This is again a severe, and gross, mischaracterization of HB1, particularly because the word “Confederate” isn’t anywhere in the bill.

What is in the bill is a provision pertaining to felony charges that can be levied for those who willfully and maliciously deface or damage a memorial or historic property:

“Any person who, without the consent of the owner thereof, willfully and maliciously defaces, injures, or otherwise damages by any means a memorial or historic property, as defined in S. 806. 135 (1), and the value of the damage to the memorial or historic property is greater than $200, commits a felony of the third degree.”

Where this bad faith interpretation regarding Confederate flags realistically came from within HB1 is the subsection of this provision that defines what a “memorial” is:

“‘Memorial’ means a plaque, statue, marker, flag, banner, cenotaph, religious symbol, painting, seal, tombstone, structure name, or display that is constructed and located with the intent of being permanently displayed or perpetually maintained; is dedicated to a historical person, an entity, an event, or a series of events; and honors or recounts the military service of any past or present United States Armed Forces military personnel, or the past or present public service of a resident of the geographical area comprising the state or the United States.”

In short, all this language within HB1 is specifically outlining the severity of criminal charges that can be levied toward rioters that decide they don’t like a particular monument or memorial and take it upon themselves to illegally tear it down.

The ACLU of Florida, and all the critics of HB1, are expressing frustrations over a bill that carries some enhancements for criminal activity that has always been criminal activity.

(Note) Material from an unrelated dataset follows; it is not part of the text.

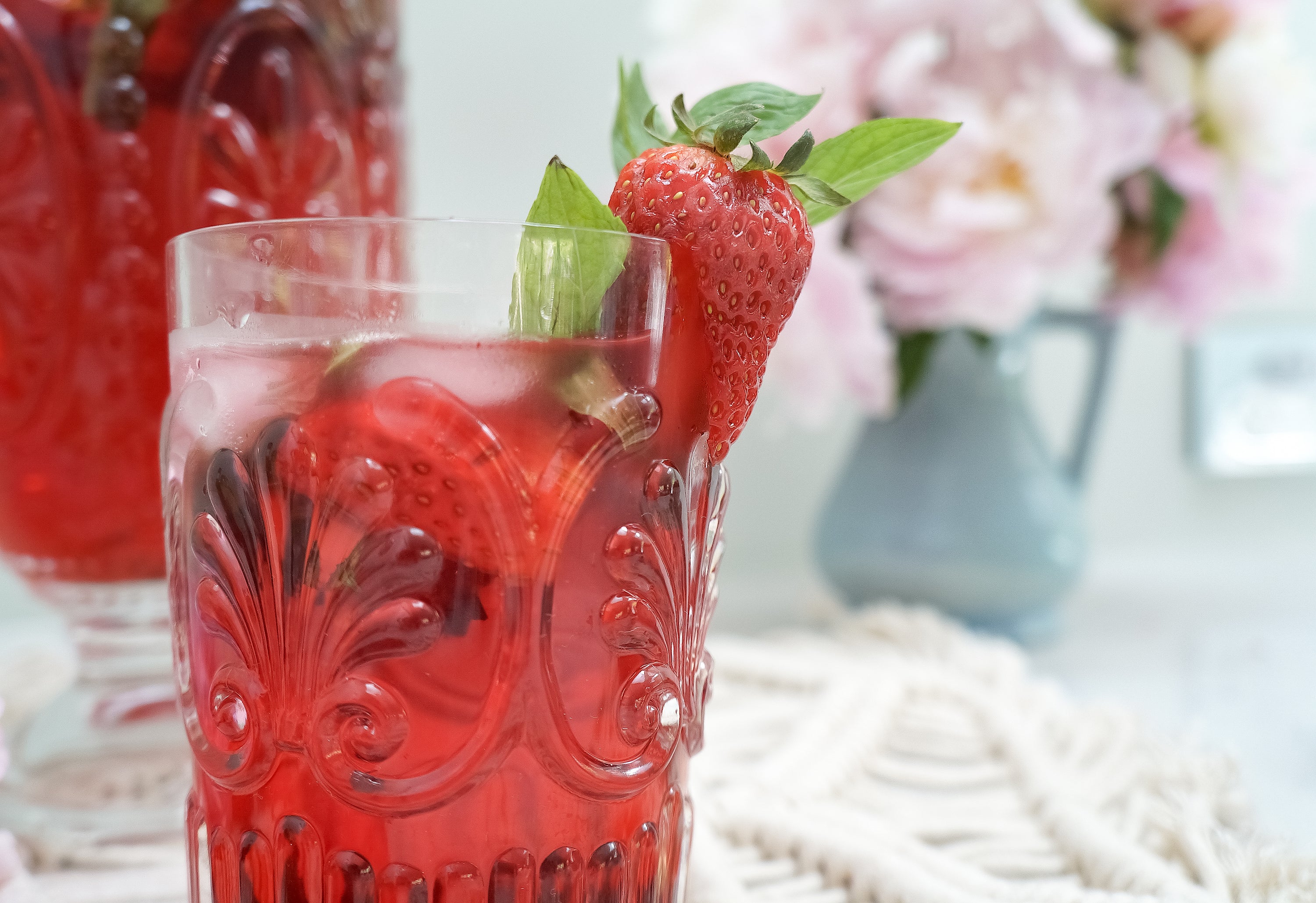 The Bella Boheme Cranberry and Rosehip Iced tea recipe by Bodhi Organic Teas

The bill does not criminalize peaceful protesting in any way shape or form.

Yet this has not stopped the likes of Michael Kubic, who is the executive director of ACLU of Florida, who alleges that HB1 is “racist” and “unconstitutional”:

“HB 1 is racist, unconstitutional, and anti-democratic, plain and simple. The bill was purposely designed to embolden the disparate police treatment we have seen over and over again directed towards Black and brown people who are exercising their constitutional right to protest.”

The bill as it stands, and the intent of its crafting, is designed to address the sort of criminal activity that can and has occurred during protests and riots. While the bill was being debated on the Senate floor, Senator Danny Burgess pointed out to critics that the “bill is about preventing violence.”

Those that want to engage in any “peaceful protest” in the state of Florida has nothing to worry about regarding this legislation.

So long as individuals are not attacking people or police, engaging in criminal damage, or participating in generally riotous acts – they won’t be subjected to any criminal proceedings outlined within HB1.